Despite the widening range of styles and eclectic mix of artists, Guildford has never forgotten its origins as a folk and blues festival and still provides the opportunity to catch emerging acoustic performers outside of the club circuit.

Martha Tilston is a perfect example, combining an emotive voice with imaginative acoustic arrangements and a love of experimentation.

The daughter of folk songwriter/guitarist Steve Tilston, she grew up in a household with Joni Mitchell and Bob Dylan on the turntable and Bert Jansch and John Renbourn dropping by to visit her dad. Little wonder that Martha should follow the same path, although she treads it rather differently: "I've been singing all my life really, but only relatively recently thought of it as a career, when I stopped being an actress," she laughs. "So I thought I'd look for something a bit more steady!

"I've been playing piano and writing since I was four or five and the lovely thing about having a songwriter as a father is that I always thought it was perfectly normal to write songs. I remember asking the other kids at school, so what does your dad write?!

"I'm happy that I got into that side of music independently, I was obviously aware of these people from growing up around them, but I know I would have ended up with Sandy Denny, Fairport and Bert Jansch in my record collection anyway."

Martha's first taste of success came with Mouse, a duo with guitarist Nick Marshall that achieved a fair amount of cult acclaim, but have since gone their separate ways.

Since February, Martha's first official solo album Bimbling has drawn even more friends to her music. And the title means?

"Bimbling is a festival term actually, it means to go off for a bit of an adventure, you're not sure where or what will happen when you get there... which I think is what the album does, in a way.

"I put it out on my own label and funded the album by doing a painting of each song and selling them at a little exhibition that provided the money to press the album. I sold on the premise that if the album does well, the original paintings will be worth more, but the album won't do well until people buy the artwork.

"The cover painting was done for the guy who let us use his recording studio, bless him he would play us bits of crazy 60s psychedelia in between takes and after a while it had an effect you can hear halfway through the album the electric guitar comes off the wall."

On her recent visit to Croydon Folksong Club, Martha produced a stunning performance, notably slipping songs by Portishead and Lamb among her own.

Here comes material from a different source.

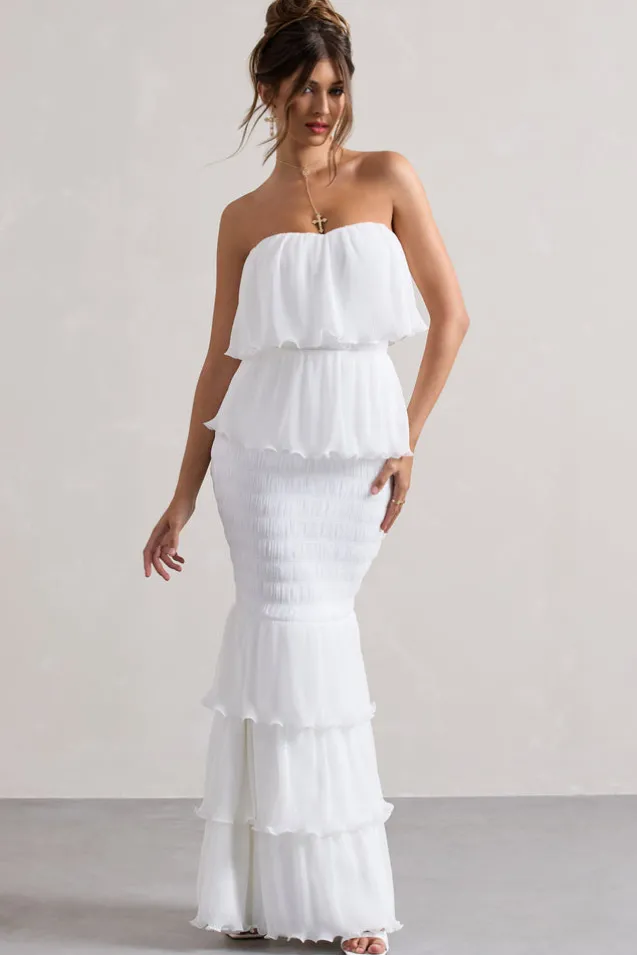 Catera | White Strapless Layered Ruffle Maxi Dress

"I try to cross-pollenate as much as I can; I think it's basically all the same you know, folk music is not up to us to decide, history decides what becomes folk' music," she said.

Martha lists Joni Mitchell, Joan Baez, Simon and Garfunkel and Tori Amos among her influences, while I can hear Julienne Regan and Beth Orton in her work. Decide for yourself, when Martha Tilston and friends weave their brand of magic on the UnCut stage at GuilFest2005.